Business protection is available for key employees, partnerships, shareholders, and sole traders, and the arrangement will vary depending on the type of business and the unique requirements of said business. Critical illness cover can also be considered as a safety net.
Business protection can be broken down into three main categories, underpinning each of which is one or more life insurance policies:
1. Key person Protection
2. Commercial loan Protection
3. Share purchase protection
Let us take a detailed look at the types of business protection available and understand when to use
which one through case studies.
Key person protection:
Basically, key person protection, also known as ‘key man insurance’, aims to replace the lost profits a business may suffer as a result of the death or critical illness of a key employee or business owner.
Consider a company, say, ABC LLC, which is reliant on their star salesperson for all their sales. If said salesperson were to be indisposed or lost to unforeseen causes, the sales targets set by the company will take a direct hit in the time it takes to find and train a new replacement salesperson. In order to avoid the hit, it is recommended that the company take a business protection policy on the life of their top salesperson to protect themselves against profit loss in the event of his or her death.
Commercial loan protection:
Commercial loan protection aims to repay business debt in the event of the death or critical illness of a key employee or business owner who was integral to the business operations.
Let us consider a company, DEF LLC, that has taken a significant bank loan to purchase equipment that can be manned by their chief scientist alone. If the chief scientist were to pass away before the loan is fully paid, that could leave the company in crisis, and it is recommended that the company purchase a business protection policy on his life to repay the loan in case of is untimely demise.
Share purchase protection:
Share purchase protection aims to allow the ownership of a business to pass into the correct hands in the death or critical illness of a business owner and to create the necessary liquidity for the ill owner, or a deceased owner’s family, to be compensated for the loss of the business interest.
Say a company, GHI LLC, has three shareholding directors who each own one-third of the shares.
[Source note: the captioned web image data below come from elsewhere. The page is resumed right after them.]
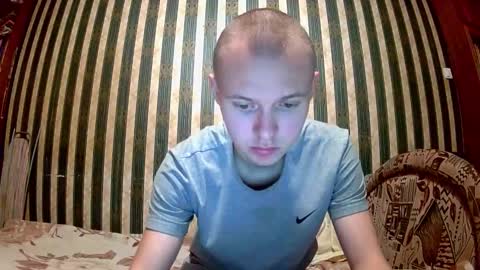 Snapshot of leo_timm chatting on September 15, 11:17 pm leo_timm online show from September 15, 11:17 pm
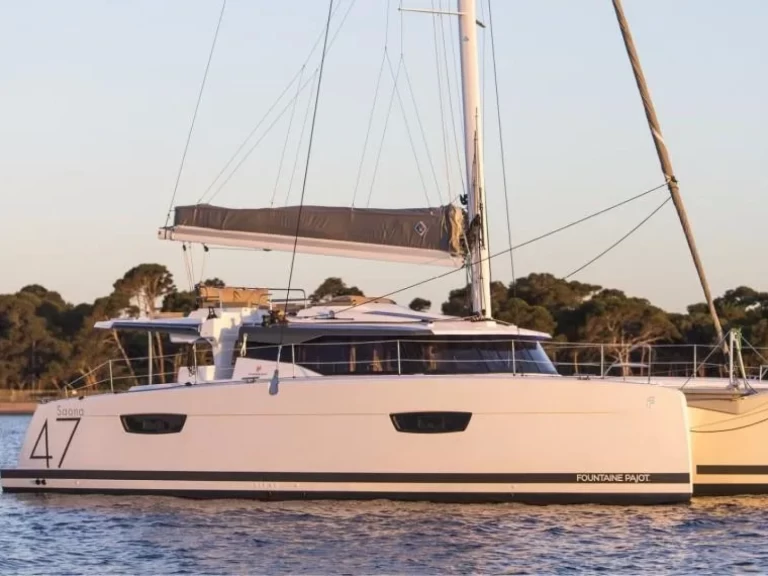 Hire Catamaran Fountaine Pajot with a boat licence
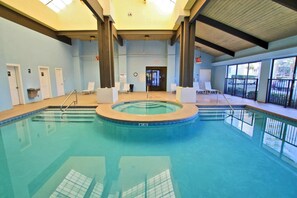 Lägenhet - flera sängar (White Caps 1404) | Pool | Inomhuspool och uppvärmd pool
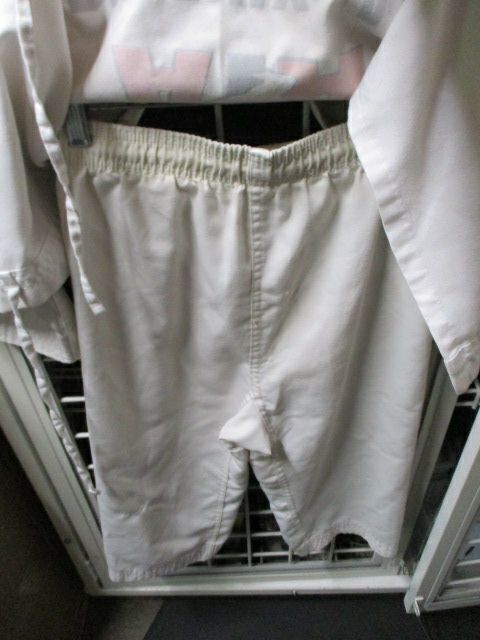 Load image into Gallery viewer, Used ATA Taekwondo Phoenix, AZ Uniform Size 0
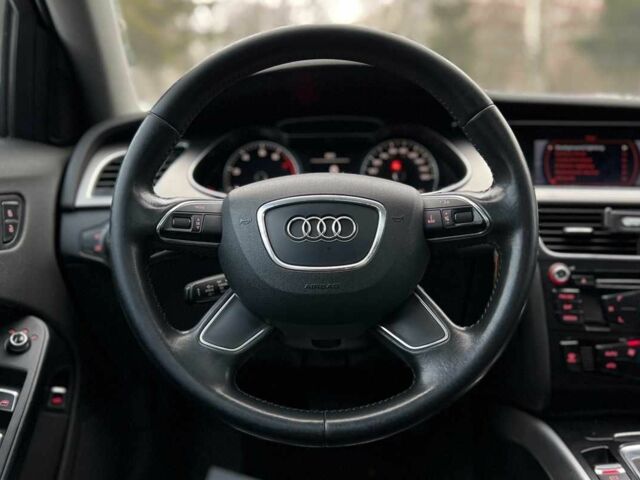 Білий Ауді А4, об'ємом двигуна 2 л та пробігом 171 тис. км за 11800 $, фото 9 на Automoto.ua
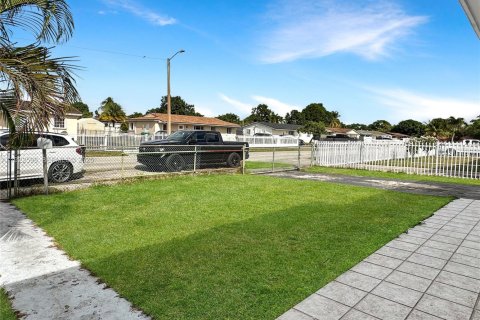 Villa ou maison à louer à Miami Gardens, Floride: 3 chambres, 98.29 m2 № 1976877 - photo 15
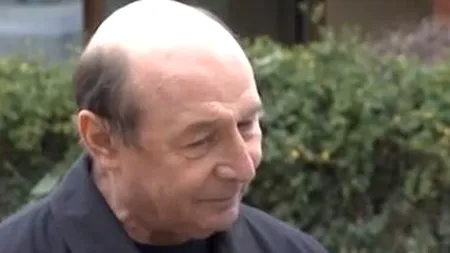 VIDEO | Fostul președinte Traian Băsescu s-a întors în țară. „Reușesc să fiu zglobiu” / „Căutăm un apartament pe care să-l închiriem sau să-l cumpărăm” / „Niciodată nu o să dezbrac cămașa de fost președinte”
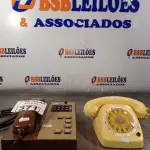 LOTE 371 - 02 APARELHOS DE TELEFONE ANTIGOS. (NO ESTADO, LEILÃO NÃO TEM GARANTIA E NEM DEVOLUÇÃO, SUJEITO A POSSÍVEIS AVARIAS VISÍVEIS/OCULTAS E/OU AUSÊNCIA DE COMPONENTES).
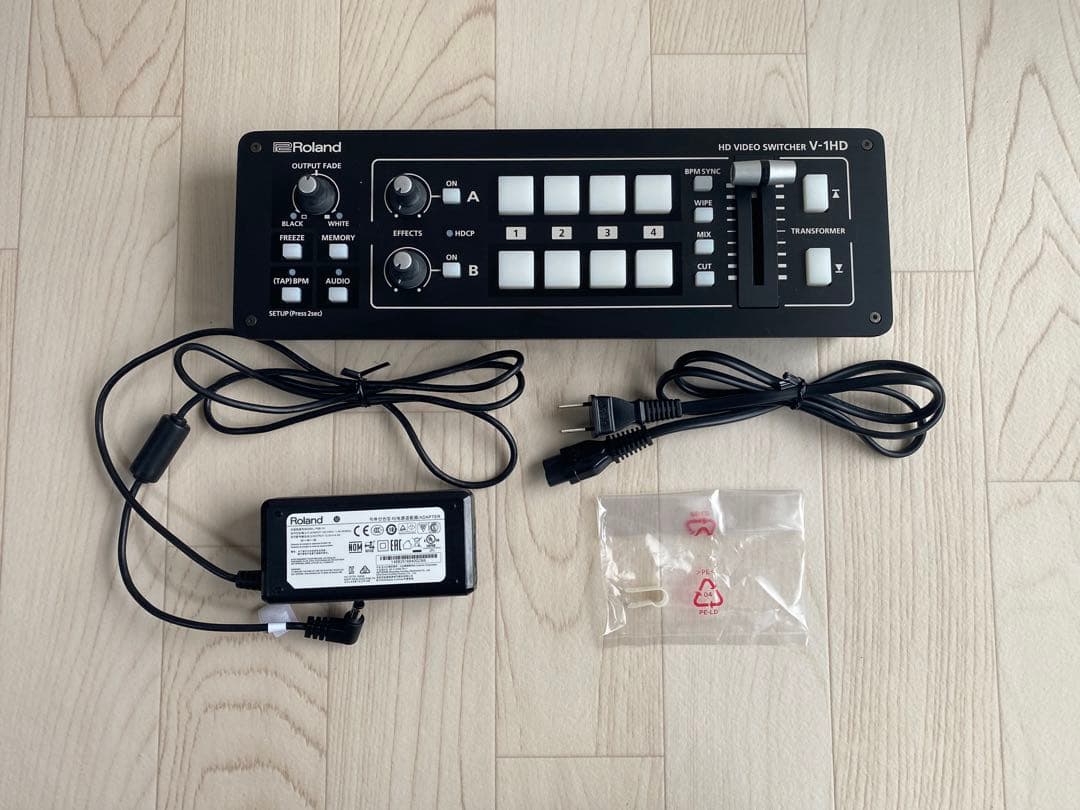 Roland V-1HD （美品/動作確認済/元箱・付属品あり）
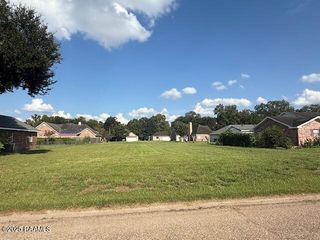Cinnamon Lane, Opelousas, LA 70570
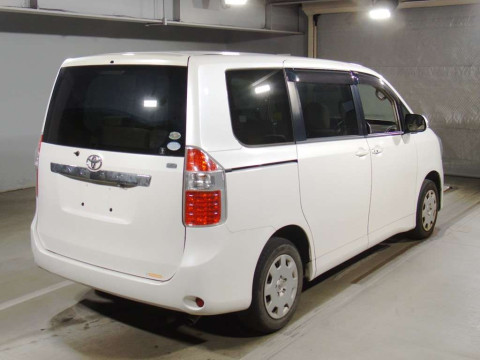 2008 Toyota Noah ZRR70G[1]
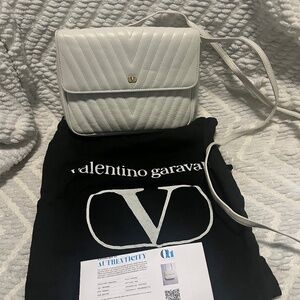 Authentic Valentino Garavani White Quilted Shoulder Bag (Model LDHH7586)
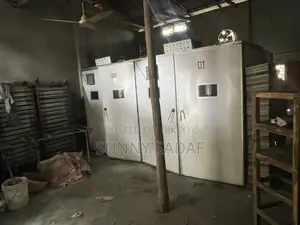 Incubator Machine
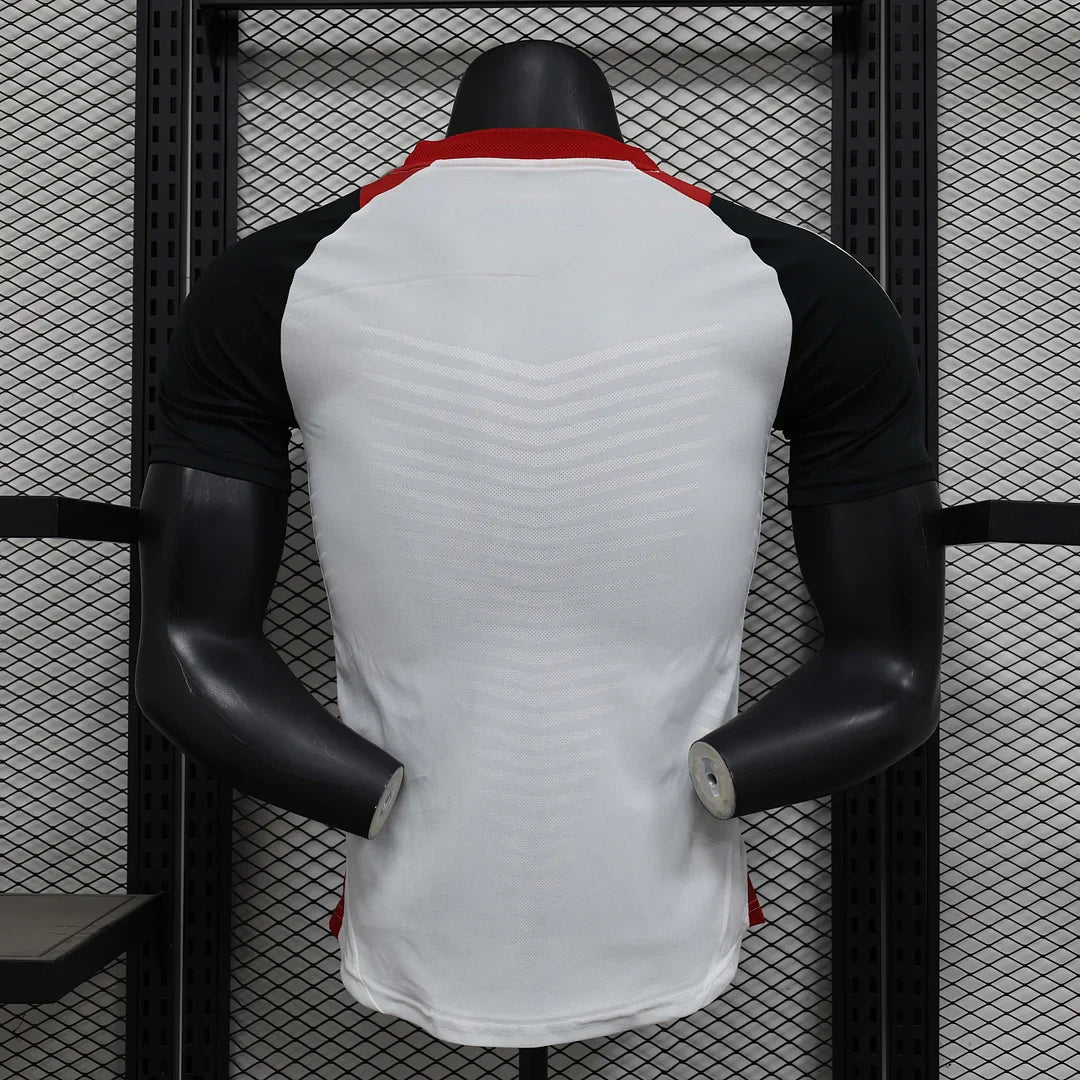 24/25 Manchester United Pre-match kit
Should any of the shareholding directors die, the survivors would want to buy the deceased’s share of the company. In order to avoid a conflict of interest in case one of the shareholders is unable to fulfill his duties, a business protection policy tailormade for the business in consideration will ensure an amicable distribution of his or her shares such that the other stakeholders benefit equally.
It is important to consider the three types of business protection separately due to the following reasons:
1. A business may have multiple business protection needs, and it is important to identify and quantify each of them to ensure a sturdy safety net for the business in all domains.
2. Different needs warrant different structuring of policies. A single company might have both key persons and share protection needs. Key-person policies are usually owned by the company and share protection policies are typically owned by the shareholders themselves.
3. Another reason to consider these three areas separately is that the tax position of each type of policy can differ depending upon its purpose.
4. Finally, the financial underwriting of a policy application can also depend on the purpose of the cover.
In conclusion, it is advised to have proper business protection for key realms of every business to ensure that the business goals are not derailed by unanticipated circumstances.